Not a Centime from the State
Basel Zoo’s Head of Finance, Jean-Nicolas Fahrenberg, spoke about financial matters and the operating concept. “Thanks to their attractiveness and their compact size, large-scale aquaria can be operated profitably”, he stated. In a feasibility study, comparisons were made with other large-scare aquaria and calculations were made on the basis of various minimum and maximum scenarios. “We won’t need a single centime of state support”, stated Fahrenberg with conviction. Basel Zoo’s calculation is based on between 500,000 and 700,000 visitors per year and an entry price of around 20 euros. The costs of creating the Ozeanium will amount to just over 100 million francs. The money is to be primarily raised through donations. The fact that it will be possible to obtain such funds is based on certainty rather than simple confidence: in the last 20 years, Basel Zoo has received 125 million francs for animal enclosures from patrons, sponsors and donors.

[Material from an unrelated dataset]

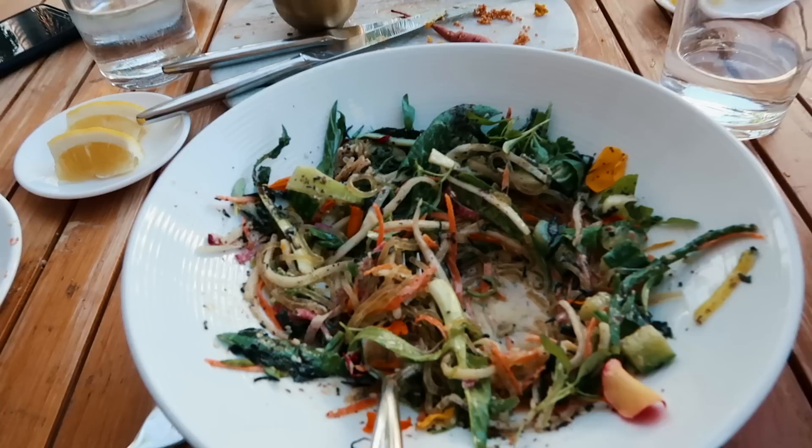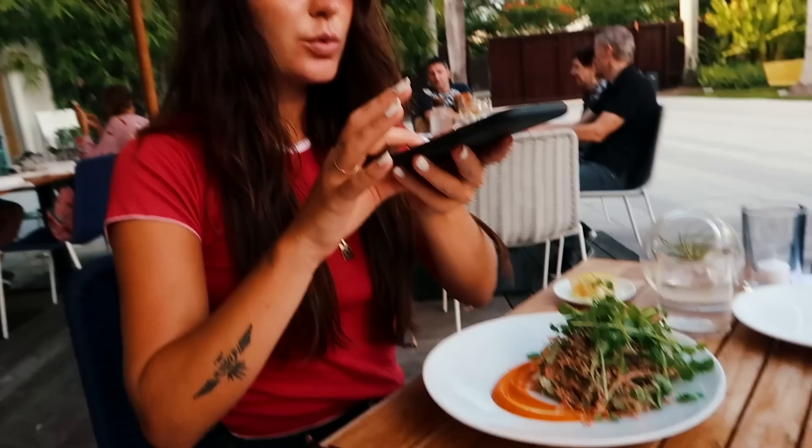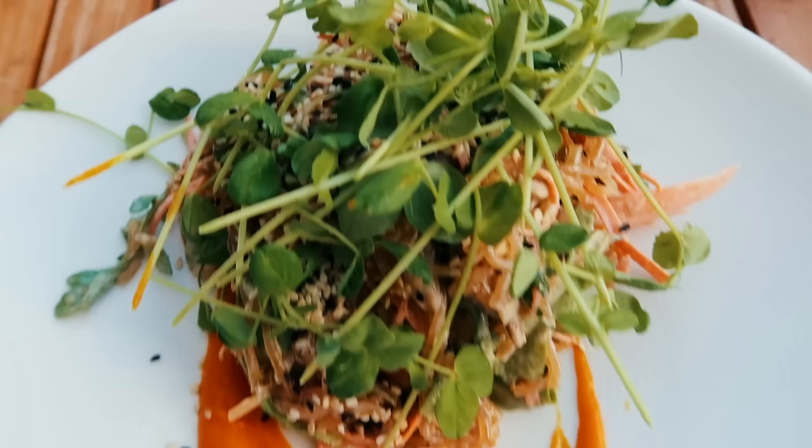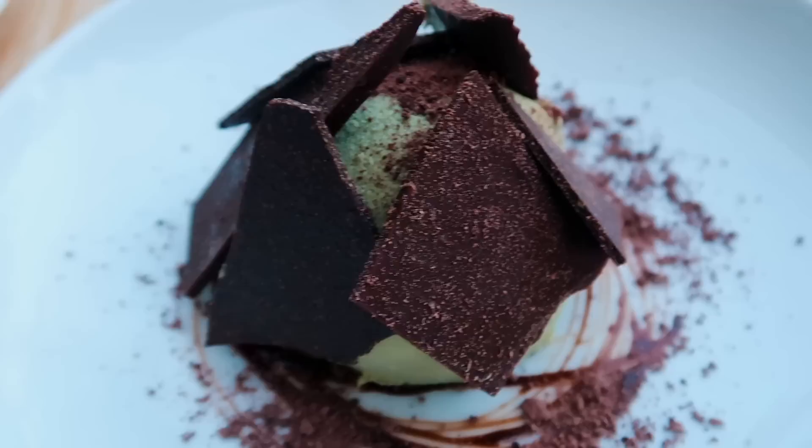We also got a seaweed salad to start — the kelp seaweed salad is a huge hit. Instead of putting it on our plates like normal people, we are literally just eating it straight from the bowl. We all got the carrot ginger kelp noodles and they look so good. We've been having so many kelp noodles here — last night we had some too and it's just so good.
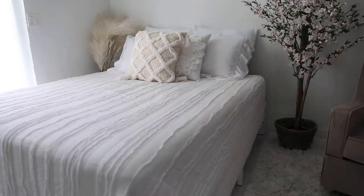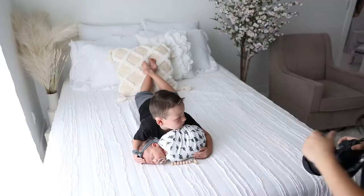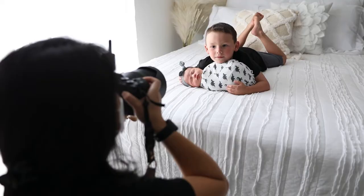This room has a bed so I can photograph families and toddlers with a newborn. Can you lay on your tummy? On your elbow. Aw, you're such a good brother.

A Piece of Wasteland Gains a Purpose
Lukas Stutz, Member of the Basel Zoo Administrative Board, is delighted about the project: “The Ozeanium will convert a piece of urban wasteland into somewhere that people can spend quality time”. The project is a great opportunity for Basel and the region as a whole. The unique visitor magnet will attract more tourists to the area, create new jobs and generally promote Basel as a city. “The Ozeanium is a place of education for pupils, students and adults alike and raises the awareness of all sections of the population to matters concerning animals and nature”, Stutz continued, emphasizing:“The Ozeanium is perfectly integrated into the urban environment”.
A Project that Unites
Cantonal architect Fritz Schumacher is confident: “The project has become even stronger as it has progressed. It represents added value for the site and the city.” In particular, the Heuwaage area will be rejuvenated and the previously divested viaduct will be incorporated. “The next step will be to create the development plan while also preparing the necessary changes to the transport infrastructure”, Schumacher explained. The development plan will be created by the Bau- und Verkehrsdepartement (Construction and Transport Department – BVD) on the basis of the pre-project. The earliest that construction is expected to begin is 2018.